The History of Rantoul Donovan Memorial High School
Rantoul (population 12,400) is located in east-central Illinois in Champaign County, about 15 miles north of Champaign-Urbana. Interstate 57 passes to the west of the city, while it also can be accessed by US Routes 45 & 136. The Illinois Central Railroad also passes thru Rantoul, and plays an important role in its history.
The community was given its name when Robert Rantoul, a partner of Massachusetts statesman Daniel Webster, was commissioned to draft a charter for a railroad to travel throughout the state of Illinois in 1850. Rantoul was persuasive in getting the bill passed by the Illinois General Assembly to incorporate the Illinois Central Railroad Company, which was the first land grant railroad of its kind in the United States passed on February 10, 1851.
Rantoul had its first Caucasian settler in 1848 when the first mayor of Urbana, Archa Campbell, built a cabin in a grove of trees about 12 miles east of the Middle Fork and 10 miles west of the Sangamon River in the area that was called Neipswah, which was an Indian name for “abundant in minks,” a/k/a Minks Grove. The movement for the railroads came two years later when Webster was approached by a group of eastern men decided to invest in a railroad, and that’s when Rantoul became involved. After the Illinois Central was completed from Chicago to West Urbana (now known as Champaign) in 1854, the name Rantoul was given to the rail station that served Minks Grove and later the village changed its name to match the train station in 1857.
It grew slowly from 184 in 1855 to 1280 within two years. Rantoul’s population was around 1700 until the early 1940’s when the community grew on account of the former Chanute Air Force Base, which opened in 1917. Airmen came and went as they were trained and went onto other bases to serve their country. From there, Rantoul grew to as much as 17,000 residents in the early 1990’s before the base was closed in 1993. The Air Force reassigned its personnel to other bases, which has had an effect on the local economy even to this day.
The history of education in Rantoul goes back to 1859 when the first school district was formed. Parochial education was first founded in 1914 when Catherine Donovan, a member of St. Malachy’s Church in Rantoul, deeded an 80-acre farm valued at $20,000 to the parish thru the Catholic Bishop of Peoria, the Right Reverend Edmund M. Dunne when she passed away in 1912. Ms. Donovan had been deprived of an education as a young girl, and hoped that her gift of land would give others the chance to receive it at no cost.
Rev. Patrick Durbin was the pastor of St. Malachy’s at the time, and got the ball rolling to purchase land for a Catholic school. When he left in 1912, Rev. W. J. Drummy stepped in and worked to make the school a reality, working tirelessly to ensure it would be debt-free and make it an institution that its parishoners could be proud of. A.F. Moratz of Bloomington was the architect of the school, while Wm. C.F. Kuhne of Rantoul was the contractor that built the three-story red brick edifice, dedicated by Bishop Dunne on September 2, 1914.

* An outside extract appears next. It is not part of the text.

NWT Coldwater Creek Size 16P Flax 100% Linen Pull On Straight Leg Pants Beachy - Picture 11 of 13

The building’s first floor consisted of an auditorium for seating of 300, club room, kitchen and laundry facilities, along with a boiler and fuel room. On the second floor, four classrooms with wardrobe rooms occupied the space, while the third floor had a chapel, music room, dining rooms, a dormitory for boarding students and living space for the sisters, and a community room.
Donovan Memorial School was ready for classes six days later and welcomed 120 students in grade and high school. The Dominican Sisters of Springfield, IL were in charge of the school, which was accredited by the University of Illinois as an approved school for Donovan graduates to attend once they finished their high school studies without the requirement of an college entrance exam. Students not only took college-preparatory courses, but were also encouraged to try their hand at music and commercial classes as three sisters taught all courses that offered credits towards graduation.

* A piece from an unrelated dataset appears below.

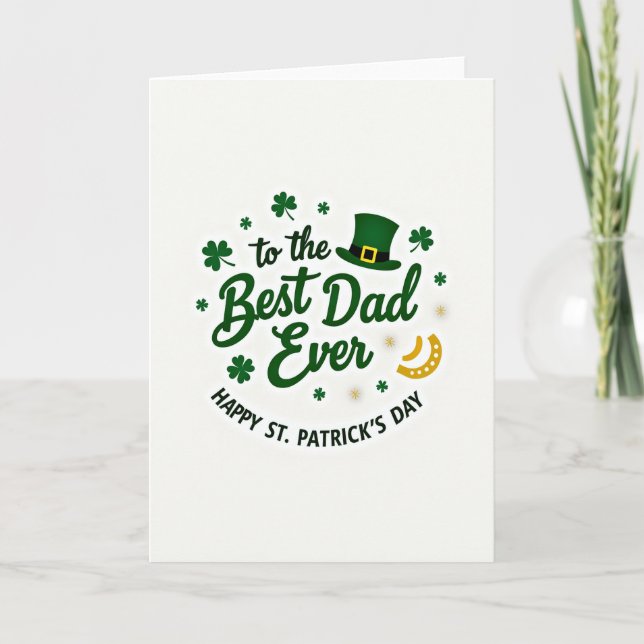 Bästa pappa shamrock mönsterkort kort (Framsida)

The first high school graduates from Donovan started their high school careers at the school as sophomores in 1914, with four of them receiving their diplomas in 1917, and it also started an alumni association that met annually in June. Class sizes at Donovan Memorial were small in size (from four to 12) while the grade school continued to grow in size, even with the transient nature of those students whose parents were stationed at Chanute Air Force Base.

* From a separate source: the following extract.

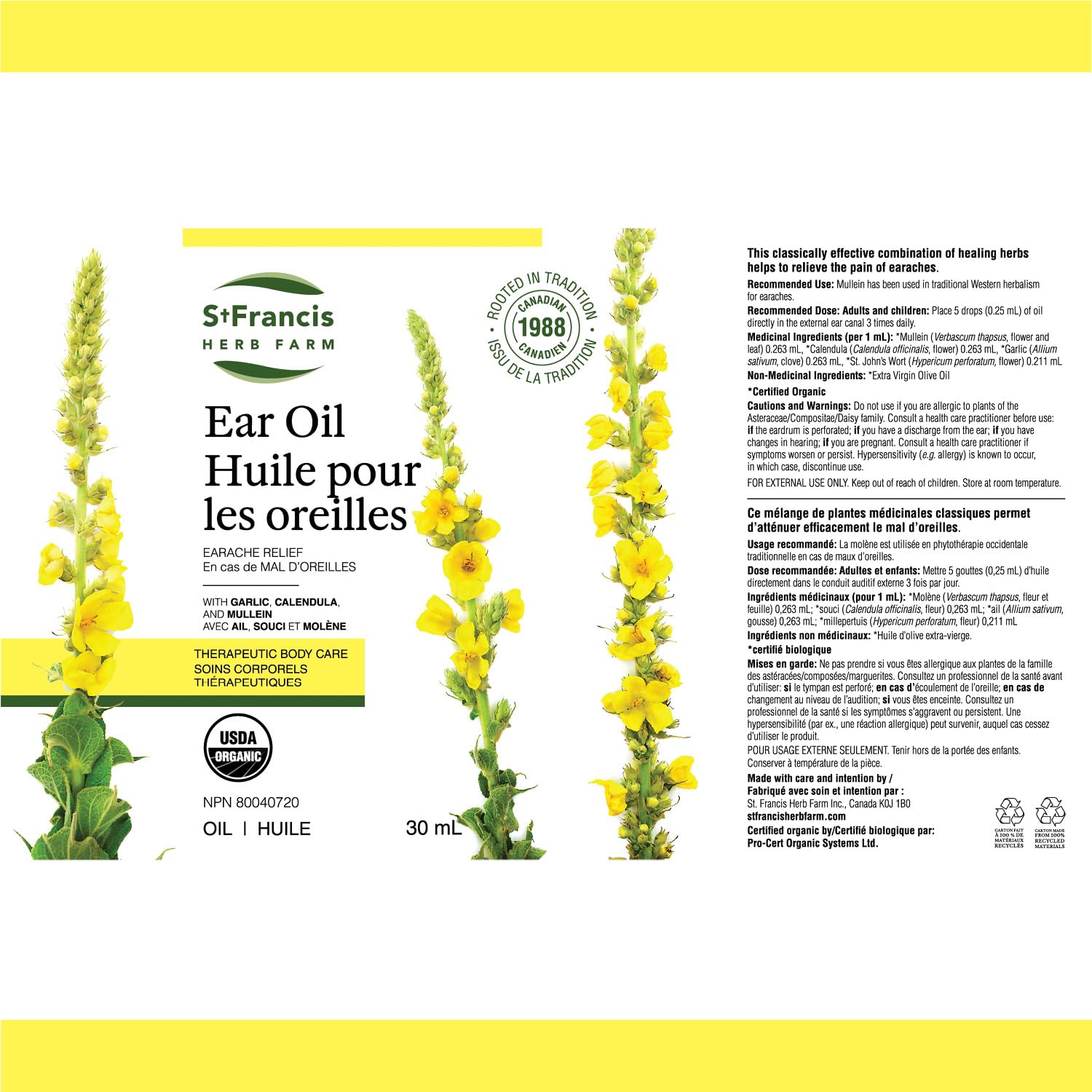 St. Francis Herb Farm - Ear Oil (30ml)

A total of 108 students received their high school diplomas from Donovan Memorial High School before it was closed in 1928 due to cost of programs (such as physical education) that were required for continued accreditation by the University of Illinois, overcrowding at the grade school level (185 students) with a waiting list of more wanting to attend the school. Remaining high school students either attended Rantoul Township High School or schools in their hometowns to finish their high school educations.
Donovan Memorial remained a grade school only until 1962 when the name was changed to St. Malachy to match the name of the church when a new building was erected, and it still serves Rantoul as a grade school. The original Donovan Memorial building was torn down around the same time, but the Dominican Sisters still aid today in educating the Catholic community in Rantoul.